Denominationalism is an Evil System
The average person outside the church of Christ has no idea that denominationalism is an evil system and a curse to mankind. To such people denominationalism is synonymous with Christianity, and to speak of destroying denominationalism is to speak of destroying the church. However, let me say that if every denomination on earth were destroyed, it would not “unchurch” a single Christian, nor would it mean an end to the church of Christ.
The church established by our Lord existed for a long time before denominationalism as we have it today began. The modern denominational system actually began with the efforts of several men to reform the Roman Catholic Church. After the church of Christ apostatized so far as to resolve itself into the Catholic Church, this Church became so corrupt that even many of her own clergy could not stomach the evil conditions, so these men set out to bring about a reformation within Catholicism. Of course, history shows that their attempts failed, for the Catholic Church refused to be reformed. The reformers, however, gathered about them many disciples, thus splitting the religious world into various denominations.

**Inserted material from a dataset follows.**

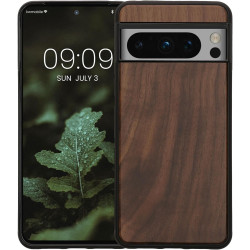 KWmobile Σκληρή Ξύλινη Θήκη με TPU Bumper - Google Pixel 8 Pro - Walnut / Dark Brown (61872.18)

For example, the disciples of Martin Luther became Lutherans and formed the Lutheran Church. The disciples of John Calvin carried his teachings to Scotland and established the Presbyterian Church. King Henry VIII threw off the papal yoke and settled his own yoke on the necks of the people, forming the Church of England, with her younger American sister, the Protestant Episcopal Church. These examples could be multiplied to account for the existence of most major denominations which we have today. Suffice it to say that neither the Catholic Church nor any of the Protestant churches is the church as established by Christ. It remained for other men to restore the church of Christ through Bible preaching. We have the church today as a distinct people, separate and apart from denominationalism. We ask, is it better to be a member of the church of Christ, or of a human denomination unknown to the New Testament?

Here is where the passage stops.